Information shown:

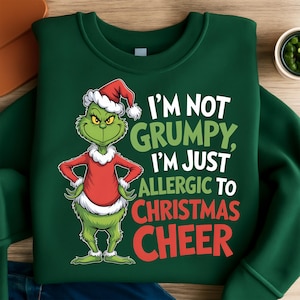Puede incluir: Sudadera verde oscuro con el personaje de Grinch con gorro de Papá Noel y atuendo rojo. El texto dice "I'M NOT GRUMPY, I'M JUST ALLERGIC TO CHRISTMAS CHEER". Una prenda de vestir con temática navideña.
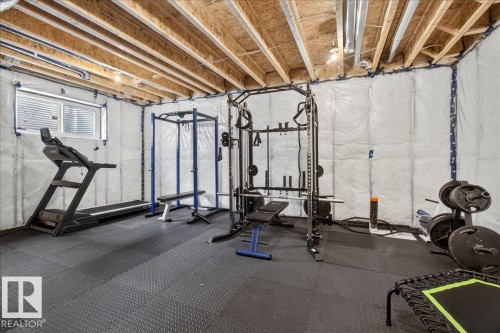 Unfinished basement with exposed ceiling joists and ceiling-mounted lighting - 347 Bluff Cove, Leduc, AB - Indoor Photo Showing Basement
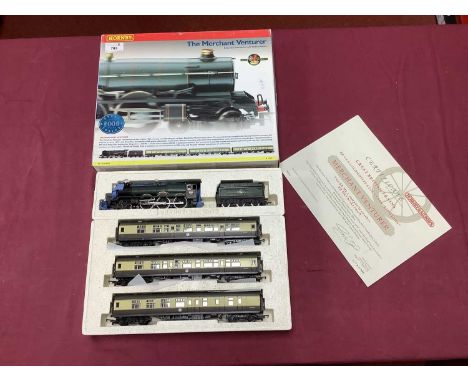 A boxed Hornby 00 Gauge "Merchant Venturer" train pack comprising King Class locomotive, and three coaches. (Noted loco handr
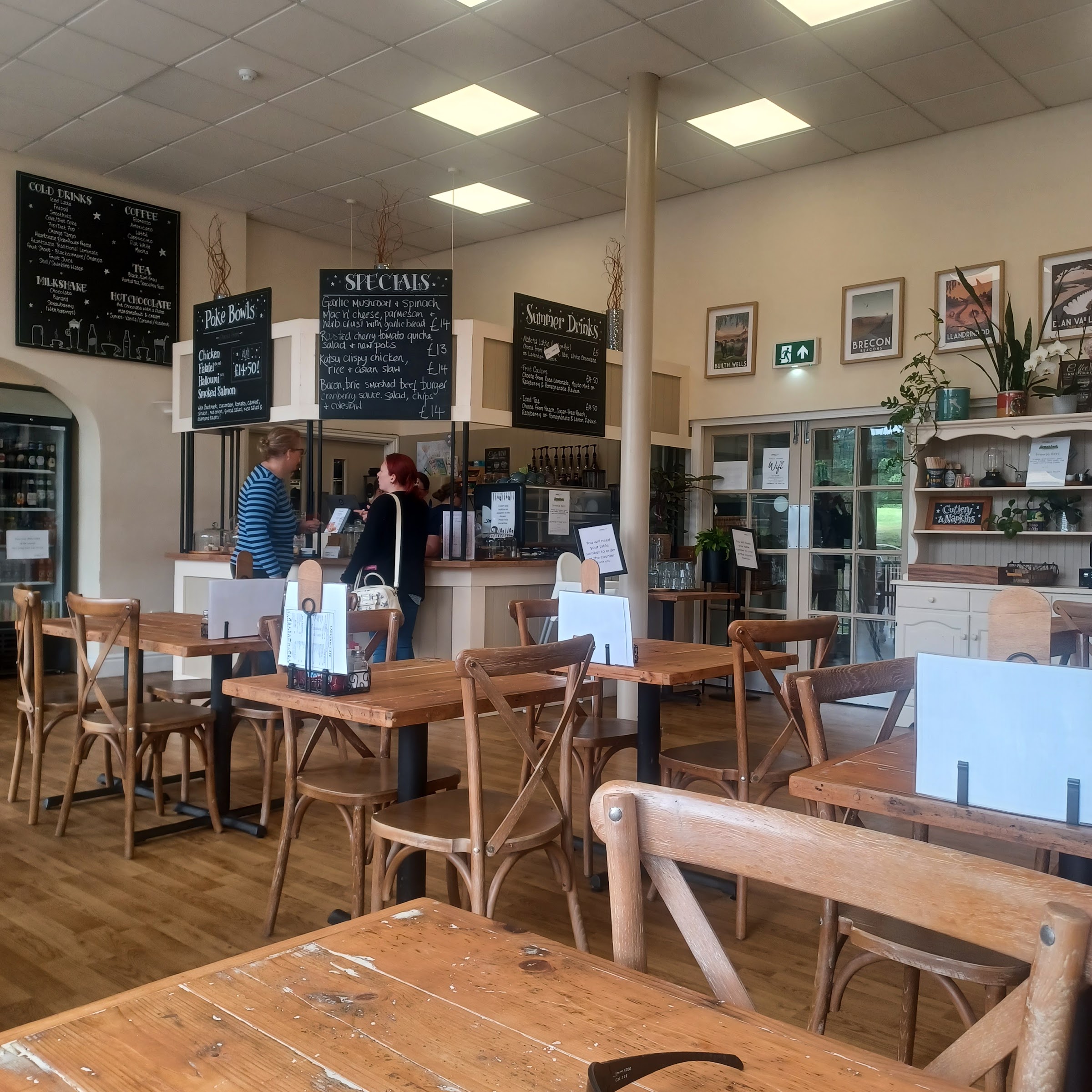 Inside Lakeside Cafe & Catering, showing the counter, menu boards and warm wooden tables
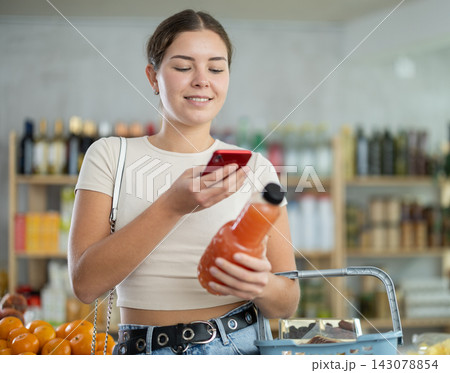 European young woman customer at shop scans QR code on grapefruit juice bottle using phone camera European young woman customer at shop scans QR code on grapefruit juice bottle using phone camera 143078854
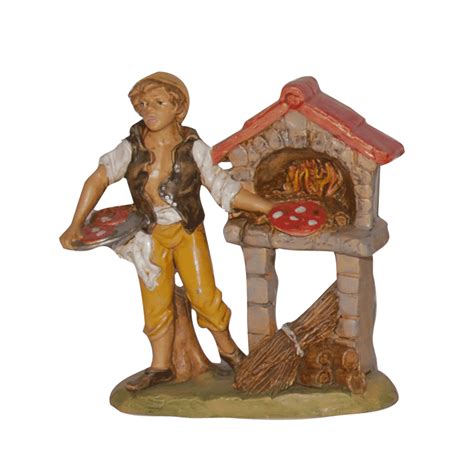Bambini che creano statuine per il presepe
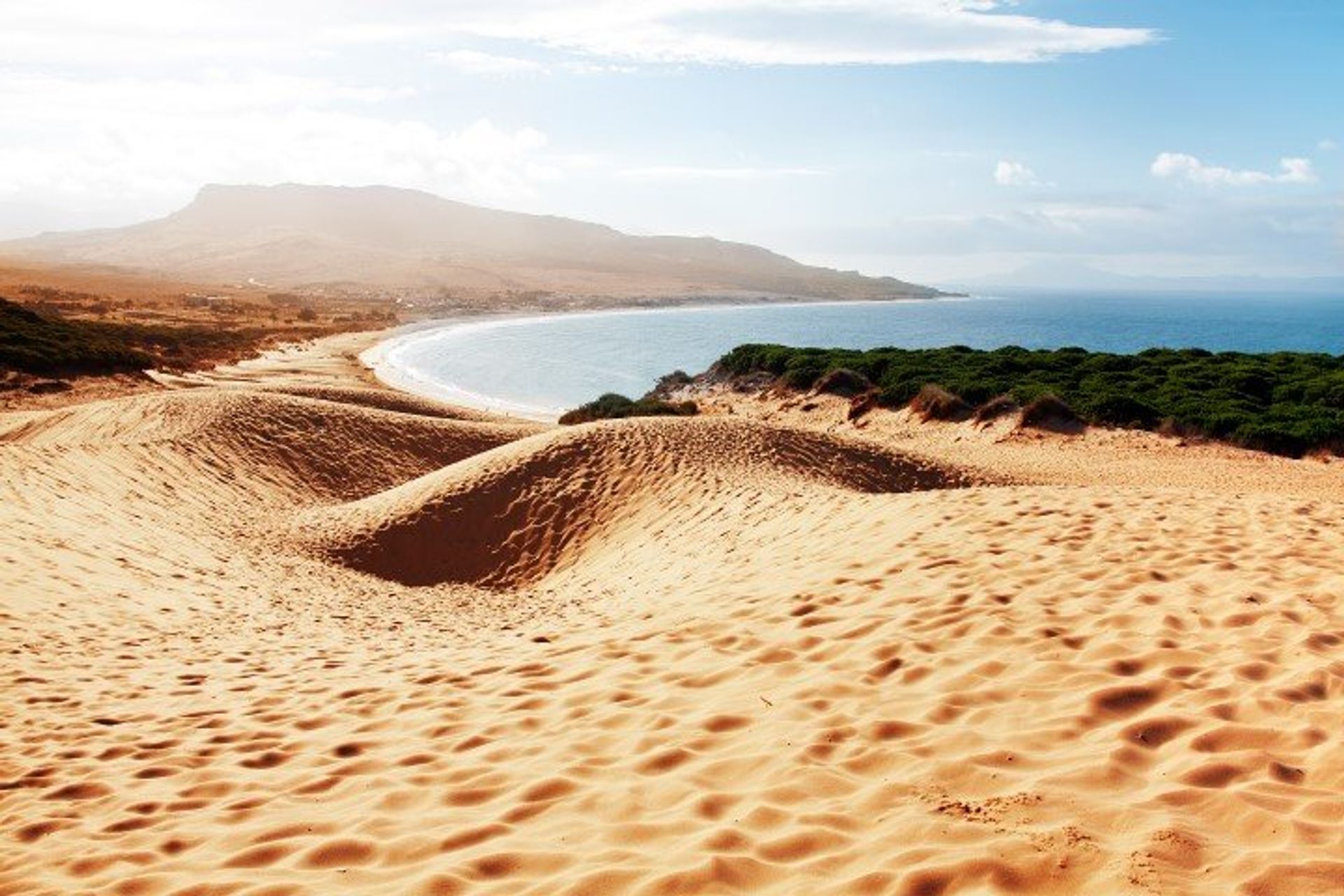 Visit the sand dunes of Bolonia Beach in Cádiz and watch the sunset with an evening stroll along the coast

==

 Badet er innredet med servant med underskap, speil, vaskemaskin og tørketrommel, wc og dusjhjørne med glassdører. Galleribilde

What is required: Using the entries above, transcribe exactly from the line that has "Unfinished basement with" through the line that has "Visit the sand". Pictures are dropped.

Completed exercise:
 Unfinished basement with exposed ceiling joists and ceiling-mounted lighting - 347 Bluff Cove, Leduc, AB - Indoor Photo Showing Basement
 A boxed Hornby 00 Gauge "Merchant Venturer" train pack comprising King Class locomotive, and three coaches. (Noted loco handr
 Inside Lakeside Cafe & Catering, showing the counter, menu boards and warm wooden tables
 European young woman customer at shop scans QR code on grapefruit juice bottle using phone camera European young woman customer at shop scans QR code on grapefruit juice bottle using phone camera 143078854
Bambini che creano statuine per il presepe
 Visit the sand dunes of Bolonia Beach in Cádiz and watch the sunset with an evening stroll along the coast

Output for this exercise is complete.